# BD-2 Mods



## JamieJ (May 24, 2021)

If there are any recommend mods - let me know.


----------



## Flying (May 24, 2021)

A great place to start would be here: https://www.amazon.com/Modify-Blues...ywords=wampler&qid=1621861405&s=books&sr=1-10

But isn't it best to decide what you like and don't like about a pedal before modding it. With the TS people wanted more bass, so they modded them.


----------



## JamieJ (May 25, 2021)

Flying said:


> A great place to start would be here: https://www.amazon.com/Modify-Blues...ywords=wampler&qid=1621861405&s=books&sr=1-10
> 
> But isn't it best to decide what you like and don't like about a pedal before modding it.
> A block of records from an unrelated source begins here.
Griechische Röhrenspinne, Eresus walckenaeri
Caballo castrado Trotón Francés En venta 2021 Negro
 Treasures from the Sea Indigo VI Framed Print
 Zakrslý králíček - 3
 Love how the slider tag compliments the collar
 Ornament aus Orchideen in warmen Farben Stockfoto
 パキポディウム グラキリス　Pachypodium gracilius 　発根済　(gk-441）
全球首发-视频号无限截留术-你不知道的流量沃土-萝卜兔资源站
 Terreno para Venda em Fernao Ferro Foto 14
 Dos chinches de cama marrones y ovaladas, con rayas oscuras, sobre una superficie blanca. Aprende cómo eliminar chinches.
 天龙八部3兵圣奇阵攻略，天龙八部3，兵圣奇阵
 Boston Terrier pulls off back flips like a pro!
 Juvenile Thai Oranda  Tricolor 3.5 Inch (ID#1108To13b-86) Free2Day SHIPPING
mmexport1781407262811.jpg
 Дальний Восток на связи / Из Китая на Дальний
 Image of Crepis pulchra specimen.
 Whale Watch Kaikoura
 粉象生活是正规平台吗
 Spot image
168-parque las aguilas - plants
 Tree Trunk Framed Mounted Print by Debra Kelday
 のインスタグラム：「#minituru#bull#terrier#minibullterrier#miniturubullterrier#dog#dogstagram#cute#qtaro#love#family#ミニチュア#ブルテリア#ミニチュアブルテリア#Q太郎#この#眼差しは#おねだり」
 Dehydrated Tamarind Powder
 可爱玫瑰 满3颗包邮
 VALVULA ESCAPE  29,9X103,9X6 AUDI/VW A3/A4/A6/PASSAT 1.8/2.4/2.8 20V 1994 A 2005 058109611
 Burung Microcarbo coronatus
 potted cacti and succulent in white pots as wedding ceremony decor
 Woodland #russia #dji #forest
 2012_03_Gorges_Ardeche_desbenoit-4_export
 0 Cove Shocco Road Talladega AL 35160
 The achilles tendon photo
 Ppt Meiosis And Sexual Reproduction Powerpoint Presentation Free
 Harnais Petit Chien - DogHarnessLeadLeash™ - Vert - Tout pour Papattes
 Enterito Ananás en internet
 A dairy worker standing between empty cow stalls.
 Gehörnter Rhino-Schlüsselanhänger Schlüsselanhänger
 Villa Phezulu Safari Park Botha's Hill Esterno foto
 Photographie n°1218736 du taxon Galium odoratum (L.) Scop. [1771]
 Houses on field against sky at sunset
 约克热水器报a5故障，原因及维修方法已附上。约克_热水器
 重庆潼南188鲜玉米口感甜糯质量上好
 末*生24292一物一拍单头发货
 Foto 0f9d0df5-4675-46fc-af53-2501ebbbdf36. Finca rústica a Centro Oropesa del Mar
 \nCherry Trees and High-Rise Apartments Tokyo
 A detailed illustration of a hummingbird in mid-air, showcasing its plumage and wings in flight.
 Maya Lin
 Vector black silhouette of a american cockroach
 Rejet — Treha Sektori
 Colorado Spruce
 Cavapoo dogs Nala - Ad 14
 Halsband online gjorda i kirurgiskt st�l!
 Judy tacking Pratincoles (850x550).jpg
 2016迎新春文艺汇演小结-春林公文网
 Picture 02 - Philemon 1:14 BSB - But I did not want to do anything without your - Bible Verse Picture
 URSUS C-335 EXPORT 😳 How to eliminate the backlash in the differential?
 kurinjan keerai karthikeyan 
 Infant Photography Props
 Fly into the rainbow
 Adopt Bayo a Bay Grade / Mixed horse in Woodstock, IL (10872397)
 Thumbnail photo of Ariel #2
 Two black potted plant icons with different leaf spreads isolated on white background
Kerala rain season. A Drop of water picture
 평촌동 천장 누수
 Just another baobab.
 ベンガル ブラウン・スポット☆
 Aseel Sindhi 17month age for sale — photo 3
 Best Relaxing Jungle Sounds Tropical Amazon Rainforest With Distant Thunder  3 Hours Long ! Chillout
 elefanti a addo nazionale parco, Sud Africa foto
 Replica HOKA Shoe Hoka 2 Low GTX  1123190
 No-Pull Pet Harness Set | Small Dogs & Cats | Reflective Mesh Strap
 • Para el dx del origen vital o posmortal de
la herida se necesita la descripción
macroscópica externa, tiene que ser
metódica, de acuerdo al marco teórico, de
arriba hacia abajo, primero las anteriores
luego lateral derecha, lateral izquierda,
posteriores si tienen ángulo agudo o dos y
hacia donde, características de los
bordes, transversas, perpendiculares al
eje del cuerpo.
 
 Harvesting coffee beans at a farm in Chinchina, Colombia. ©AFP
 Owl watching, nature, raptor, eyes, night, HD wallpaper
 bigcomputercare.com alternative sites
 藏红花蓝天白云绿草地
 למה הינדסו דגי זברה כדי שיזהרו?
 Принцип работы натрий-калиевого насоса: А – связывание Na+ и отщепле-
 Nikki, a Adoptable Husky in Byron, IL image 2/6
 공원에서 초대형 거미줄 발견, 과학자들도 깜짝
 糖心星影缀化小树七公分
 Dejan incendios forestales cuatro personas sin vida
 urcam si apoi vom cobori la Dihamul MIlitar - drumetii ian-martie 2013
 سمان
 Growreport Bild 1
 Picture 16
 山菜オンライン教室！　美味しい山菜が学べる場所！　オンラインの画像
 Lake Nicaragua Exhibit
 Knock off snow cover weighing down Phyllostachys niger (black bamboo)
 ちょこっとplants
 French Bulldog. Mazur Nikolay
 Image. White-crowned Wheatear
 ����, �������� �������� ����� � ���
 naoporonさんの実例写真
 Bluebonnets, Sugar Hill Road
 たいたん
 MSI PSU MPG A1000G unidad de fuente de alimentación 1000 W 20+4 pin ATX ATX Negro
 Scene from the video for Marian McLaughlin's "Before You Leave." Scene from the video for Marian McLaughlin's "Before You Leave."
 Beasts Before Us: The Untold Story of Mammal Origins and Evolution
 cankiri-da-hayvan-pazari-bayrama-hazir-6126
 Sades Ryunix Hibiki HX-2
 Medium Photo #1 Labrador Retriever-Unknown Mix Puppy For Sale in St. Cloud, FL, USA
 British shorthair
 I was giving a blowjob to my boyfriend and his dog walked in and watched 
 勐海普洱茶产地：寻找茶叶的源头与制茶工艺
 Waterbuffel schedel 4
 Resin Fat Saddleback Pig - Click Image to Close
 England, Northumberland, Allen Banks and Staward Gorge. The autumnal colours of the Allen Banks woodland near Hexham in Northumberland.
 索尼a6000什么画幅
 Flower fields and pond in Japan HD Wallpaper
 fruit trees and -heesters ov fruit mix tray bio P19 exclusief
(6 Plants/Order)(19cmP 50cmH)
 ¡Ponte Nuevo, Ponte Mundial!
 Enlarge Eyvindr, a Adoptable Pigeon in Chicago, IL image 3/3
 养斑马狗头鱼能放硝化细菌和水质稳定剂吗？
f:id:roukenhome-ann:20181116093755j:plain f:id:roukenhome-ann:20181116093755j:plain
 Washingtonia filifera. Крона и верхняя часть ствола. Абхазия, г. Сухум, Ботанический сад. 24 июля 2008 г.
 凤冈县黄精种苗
With the TS people wanted more bass, so they modded them.


Thanks for this. I’ll check that book out.

In truth, I’m not sure what I want to change with it. I just know it’s not 100% for me. If I mod it and still feel that way, I can then take it off my board. Also partly, it’s just because I like messing about with stuff and want to tinker.


----------



## fig (May 25, 2021)

JamieJ said:


> Thanks for this. I’ll check that book out.
> 
> In truth, I’m not sure what I want to change with it. I just know it’s not 100% for me. If I mod it and still feel that way, I can then take it off my board. Also partly, it’s just because I like messing about with stuff and want to tinker.


You are not alone. I have a BD-2W that rarely sees any use.....although it did pose naked for another thread....so not COMPLETELY useless I suppose.


----------



## Flying (May 25, 2021)

How old is your BD-2? They changed to surface mount boards some years ago which will make modding it harder.


----------



## JamieJ (May 25, 2021)

I think it’s from 2015 so still through hole thankfully.


----------



## Barry (May 25, 2021)

JamieJ said:


> I think it’s from 2015 so still through hole thankfully.


When I get home later, I’ll check and see if I still have a spread sheet on some mods I studied years ago


----------



## JamieJ (May 25, 2021)

Barry said:


> When I get home later, I’ll check and see if I still have a spread sheet on some mods I studied years ago


Thanks @Barry!


----------



## Flying (May 25, 2021)

Keeley "Phat Mod" BD-2 | Building John Mayer's Tone
					

The pedal mod that started it all for me! Back in 2009 or so, I started my guitar tone quest. I only had a Keeley Katana and I my wallet hurt from that investment at the time.  I quickly realized I should get some dirt too and I knew John Mayer used a Keeley modded BD-2 on the Trio album (which...




					www.thetonegeek.com


----------



## Feral Feline (May 31, 2021)

Keep the Base-line. Ie whatever mods you do, make it switchable back to stock (sound only! Drill whatever holes you need for switches/knobs etc.)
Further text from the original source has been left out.